THE DATA =
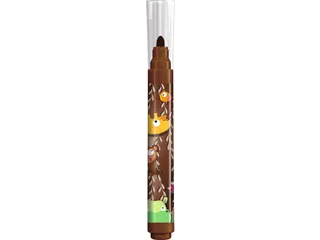 Viltstift Maped Jungle Fever Jumbo set à 12 kleuren - 6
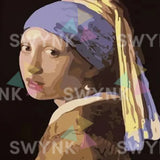 Painting by numbers Girl with a Pearl Earring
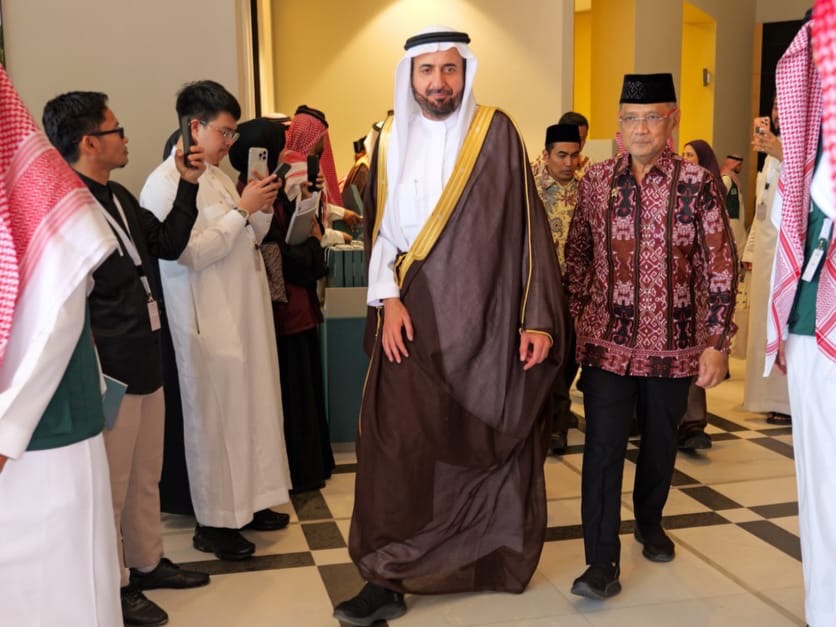 SAHI: Pujian Arab Saudi Tegaskan Kemajuan Tata Kelola Haji Indonesia. (Foto/Kemenhaj)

PROMPT =
Once the line containing "Painting by numbers" is found, transcribe it and the rest of the lines to the end of the listing above exactly, omitting all pictures.

WRITTEN RESPONSE =
 Painting by numbers Girl with a Pearl Earring
 SAHI: Pujian Arab Saudi Tegaskan Kemajuan Tata Kelola Haji Indonesia. (Foto/Kemenhaj)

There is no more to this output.